● Problem statement: From the line containing "DuNord Design Beistelltisch" through the last line of the entries below, transcribe each line exactly, excluding any picture.

•••

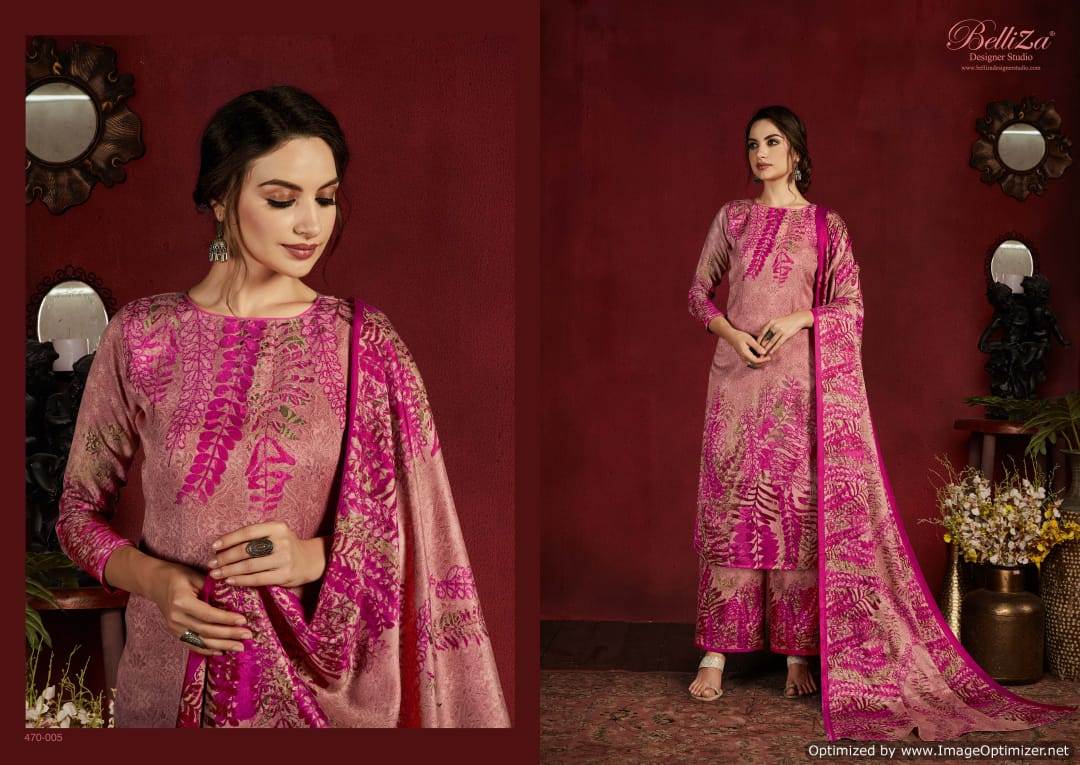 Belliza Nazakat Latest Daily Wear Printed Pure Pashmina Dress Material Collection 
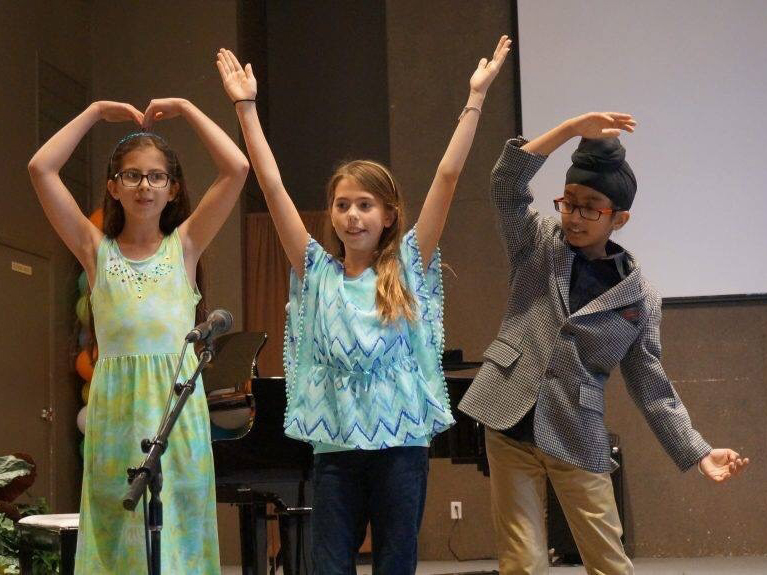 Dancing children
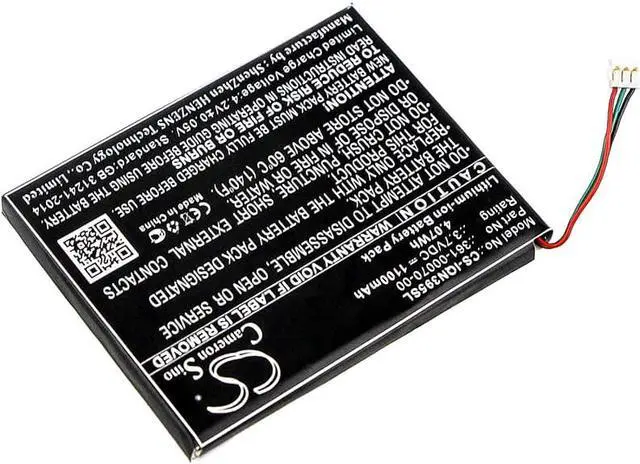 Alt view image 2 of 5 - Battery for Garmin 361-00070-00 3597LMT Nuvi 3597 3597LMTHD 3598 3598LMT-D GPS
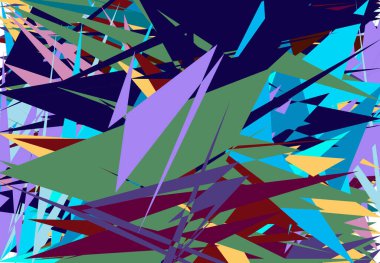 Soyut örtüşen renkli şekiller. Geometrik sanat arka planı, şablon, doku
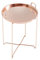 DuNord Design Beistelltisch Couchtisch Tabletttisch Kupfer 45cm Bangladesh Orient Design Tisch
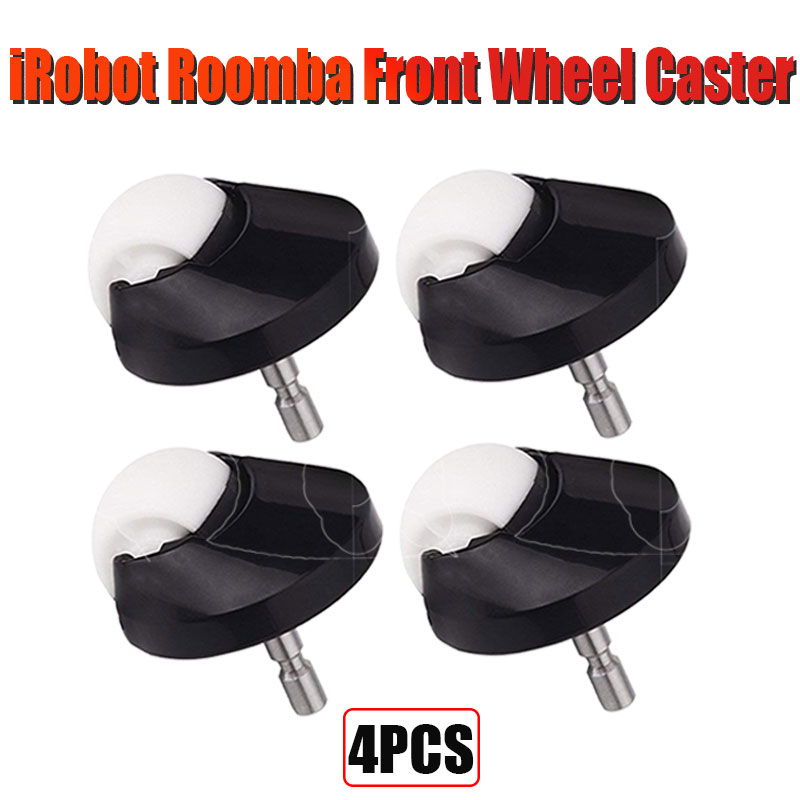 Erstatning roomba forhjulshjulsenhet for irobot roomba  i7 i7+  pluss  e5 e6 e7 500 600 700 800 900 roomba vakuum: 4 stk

•••

● Answer to this problem:
 DuNord Design Beistelltisch Couchtisch Tabletttisch Kupfer 45cm Bangladesh Orient Design Tisch
 Erstatning roomba forhjulshjulsenhet for irobot roomba  i7 i7+  pluss  e5 e6 e7 500 600 700 800 900 roomba vakuum: 4 stk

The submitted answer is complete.